_What to work on:_ Retype the records below exactly as they stand, but with no images.

Short web captions:
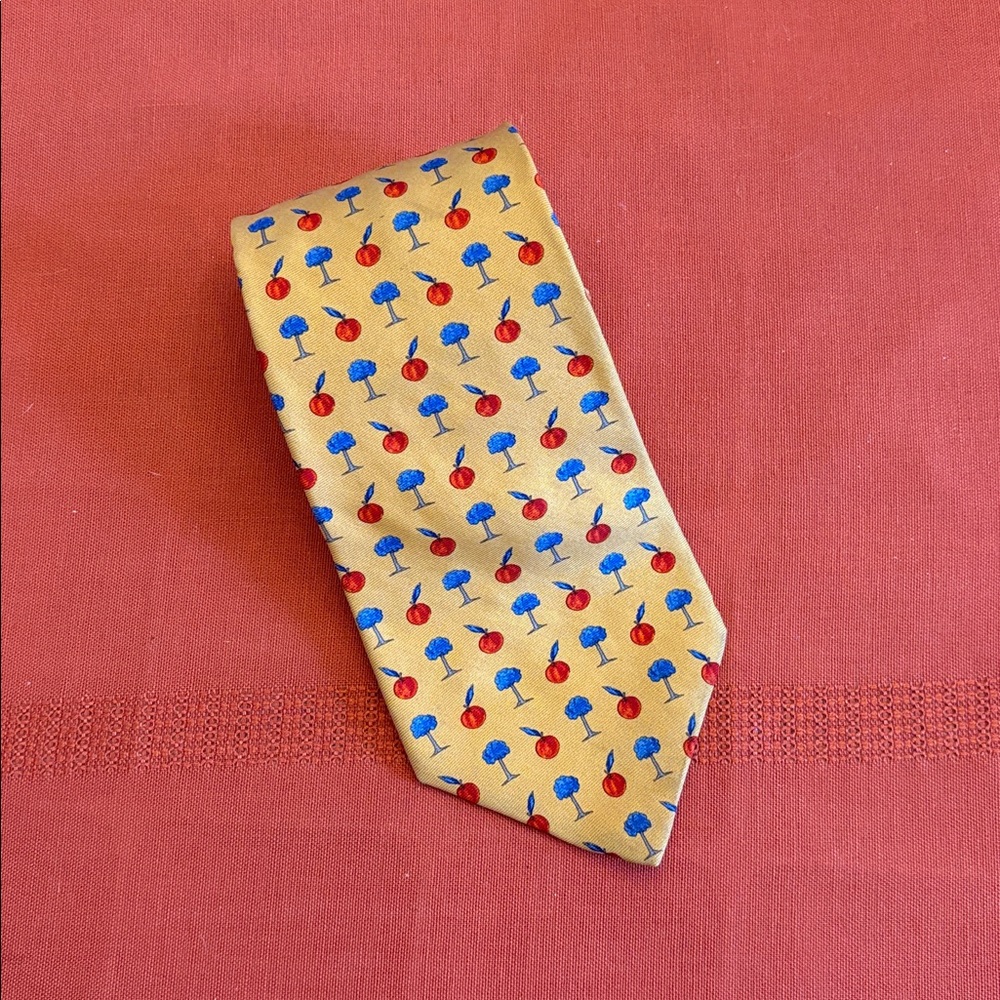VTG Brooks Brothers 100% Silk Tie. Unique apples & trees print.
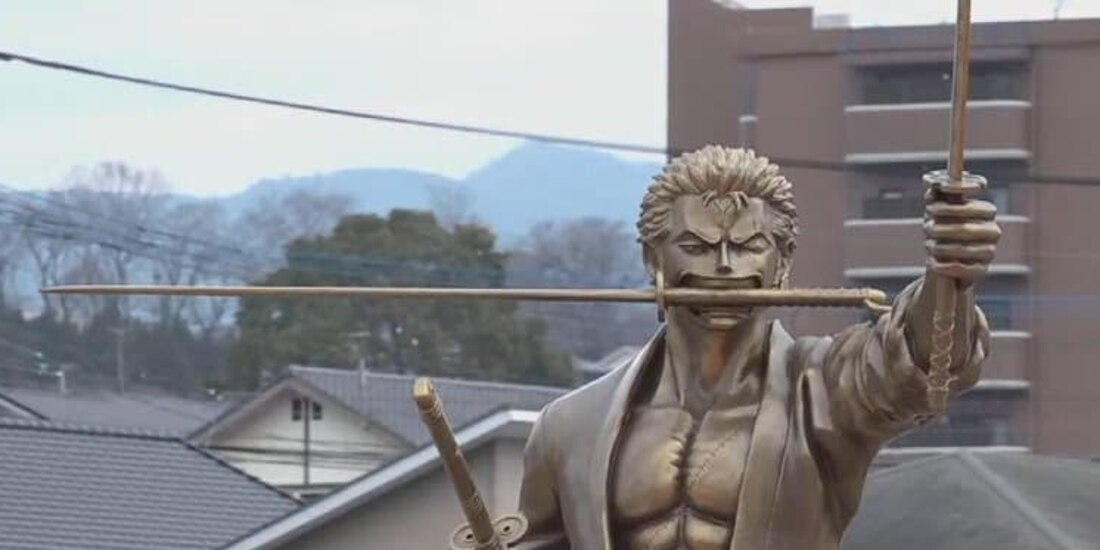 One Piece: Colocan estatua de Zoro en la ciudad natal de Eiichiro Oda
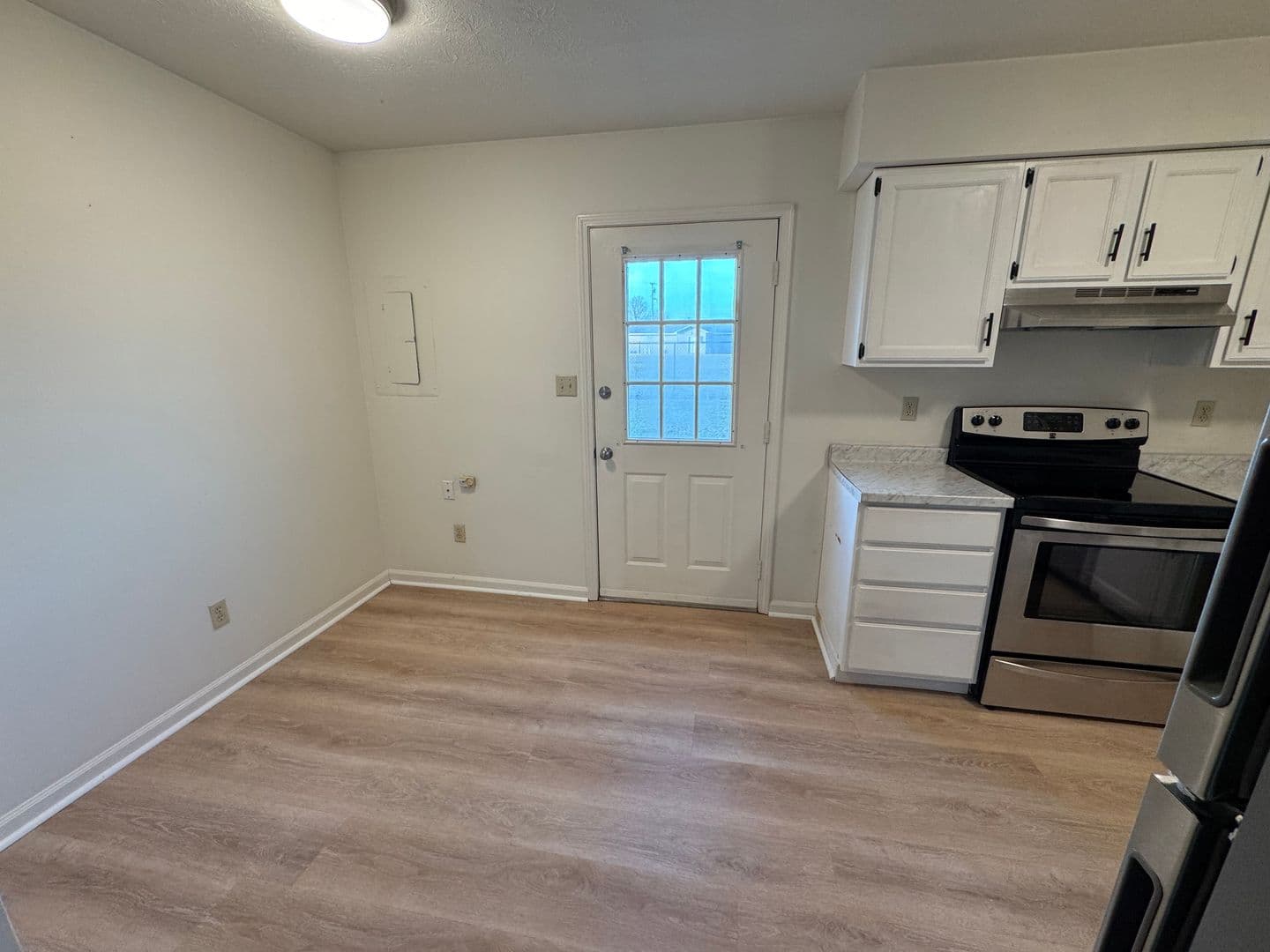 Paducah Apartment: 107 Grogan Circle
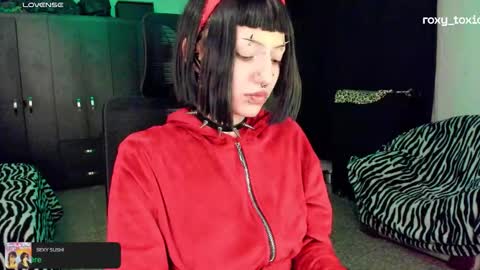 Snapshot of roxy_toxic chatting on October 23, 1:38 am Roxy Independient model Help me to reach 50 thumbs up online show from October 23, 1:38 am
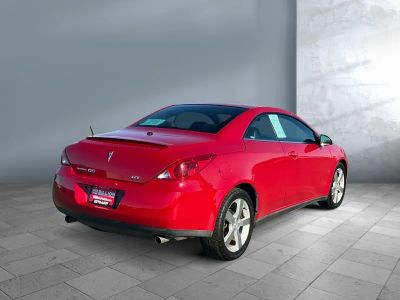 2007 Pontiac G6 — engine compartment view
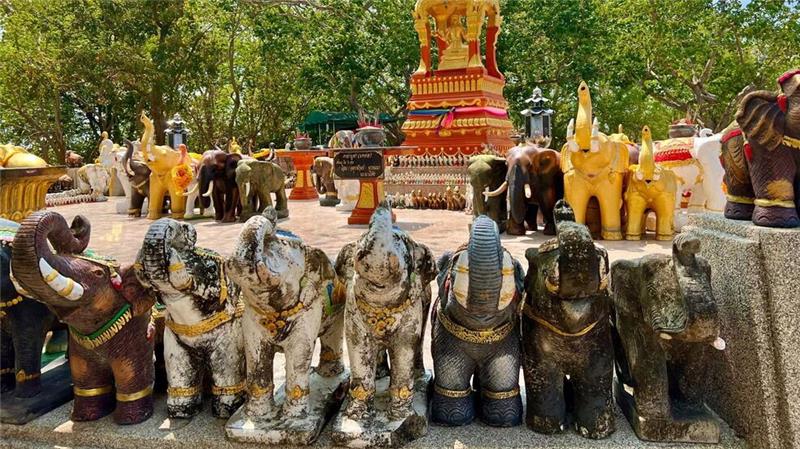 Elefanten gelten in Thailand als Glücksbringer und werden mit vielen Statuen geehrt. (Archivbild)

_Your solution:_
VTG Brooks Brothers 100% Silk Tie. Unique apples & trees print.
 One Piece: Colocan estatua de Zoro en la ciudad natal de Eiichiro Oda
 Paducah Apartment: 107 Grogan Circle
 Snapshot of roxy_toxic chatting on October 23, 1:38 am Roxy Independient model Help me to reach 50 thumbs up online show from October 23, 1:38 am
 2007 Pontiac G6 — engine compartment view
 Elefanten gelten in Thailand als Glücksbringer und werden mit vielen Statuen geehrt. (Archivbild)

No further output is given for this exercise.